James Abrahams QC appeared on behalf of the Defendants in this appeal.
The case concerned three mobile telecommunications patents (“659”, “525” and “511”) that the Claimant had declared were essential to the Universal Mobile Telecommunications System standard. Arnold J at first instance (in separate judgments for each patent) held that 659 was invalid but that 525 and 511 were valid. The Claimant appealed against the decision that 659 was invalid, contending that the Judge had erred in excluding commercial considerations. The Defendants appealed against the decisions that 525 and 511 were valid. In relation to 659, the Court of Appeal held that if the claimed invention would be arrived at by the skilled person, there was no further hurdle to be crossed concerning whether the invention would be perceived as likely to lead to sufficient commercial success to make its manufacture worthwhile.

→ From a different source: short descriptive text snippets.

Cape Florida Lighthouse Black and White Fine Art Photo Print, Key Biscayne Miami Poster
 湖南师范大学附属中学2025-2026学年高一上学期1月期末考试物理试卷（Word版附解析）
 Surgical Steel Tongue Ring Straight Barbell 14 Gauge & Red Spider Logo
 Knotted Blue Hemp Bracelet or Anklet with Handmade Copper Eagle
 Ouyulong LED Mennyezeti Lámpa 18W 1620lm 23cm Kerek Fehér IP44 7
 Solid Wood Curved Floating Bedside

The Court of Appeal found that Arnold J had therefore been fully entitled to find the patent invalid.
Regarding 525, the Court of Appeal held that as the Judge’s reasoning displayed no error of principle there was no justification for disturbing his conclusion that 525 was not obvious.
Regarding 511, although the Court of Appeal interpreted the disputed paragraph of the relevant prior art differently to the Judge, their interpretation did not render the patent obvious over the disclosure.
The appeals were therefore dismissed.